After receiving the evidence, the Authority issued an order on October 9, 2003, denying the Appellants application. Appellants thereafter filed a request for review of the decision before an administrative law judge (hereinafter referred to as "the ALJ"). The Appellants alleged that the Authority's decision should be reversed because it was based upon the wrong standard for issuing a certificate of need, improperly found that the proposed service area was too large, and because the Authority erred in denying their motion to exclude expert testimony. The Hospital subsequently filed a motion to dismiss the request for review as untimely filed. The ALJ convened a hearing on January 12, 2004, to hear arguments on the motion to dismiss, as well as the merits of the request for review. On February 20, 2004, the ALJ issued an order granting the Hospital's motion to dismiss without making a ruling on the merits of the request for review.

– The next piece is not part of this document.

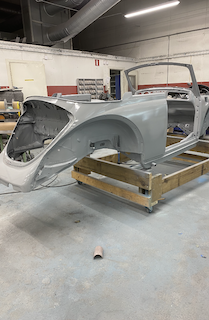 IMG_2189.PNG, 406.48 kb, 209 x 320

The Appellants then appealed the ALJ's decision to the circuit court. The circuit court, by order entered April 14, 2004, reversed the ALJ's decision and remanded the case for a determination on the merits of the request for review. The ALJ issued a subsequent order dated May 26, 2004, affirming the Authority's decision. The Appellants thereafter filed an appeal with the circuit court. The circuit court, by order entered September 1, 2004, affirmed the ALJ's decision. From this ruling, Appellants now appeal to this Court.

II. STANDARD OF REVIEW

This appeal arises from the circuit court's ruling on an administrative order. In conducting our review, we are bound to the same standard of review that controlled the circuit court's actions. We have held that "[o]n appeal of an administrative order from a circuit court, this Court is bound by the statutory standards contained in W. Va. Code § 29A-5-4[g] and reviews questions of law presented de novo; findings of fact by the administrative officer are accorded deference unless the reviewing court believes the findings to be clearly wrong." Syl. pt. 1, Muscatell v. Cline, 196 W. Va. 588, 474 S.E.2d 518 (1996). See also Martin v. Randolph County Bd. of Educ., 195 W. Va. 297, 304, 465 S.E.2d 399, 406 (1995) ("[I]n reviewing an ALJ's decision that was affirmed by the circuit court, this Court accords deference to the findings of fact made below. This Court reviews decisions of the circuit under the same standard as that by which the circuit reviews the decision of the ALJ. We must uphold any of the ALJ's factual findings that are supported by substantial evidence, and we owe substantial deference to inferences drawn from these facts. Further, the ALJ's credibility determinations are binding unless patently without basis in the record. Nonetheless, this Court must determine whether the ALJ's findings were reasoned, i.e., whether he or she considered the relevant factors and explained the facts and policy concerns on which he or she relied, and whether those facts have some basis in the record. We review de novo the conclusions of law and application of law to the facts.")

The standard of review for a circuit court condidering an appeal under the Administrative Procedures Act is as follows:

(g) The court may affirm the order or decision of the agency or remand the case for further proceedings. It shall reverse, vacate or modify the order or decision of the agency if the substantial rights of the petitioner or petitioners have been prejudiced because the administrative findings, inferences, conclusions, decision or order are:

(1) In violation of constitutional or statutory provisions; or

(2) In excess of the statutory authority or jurisdiction of the agency; or

(3) Made upon unlawful procedures; or

(4) Affected by other error of law; or

(5) Clearly wrong in view of the reliable, probative and substantial evidence on the whole record; or

(6) Arbitrary or capricious or characterized by abuse of discretion or clearly unwarranted exercise of discretion.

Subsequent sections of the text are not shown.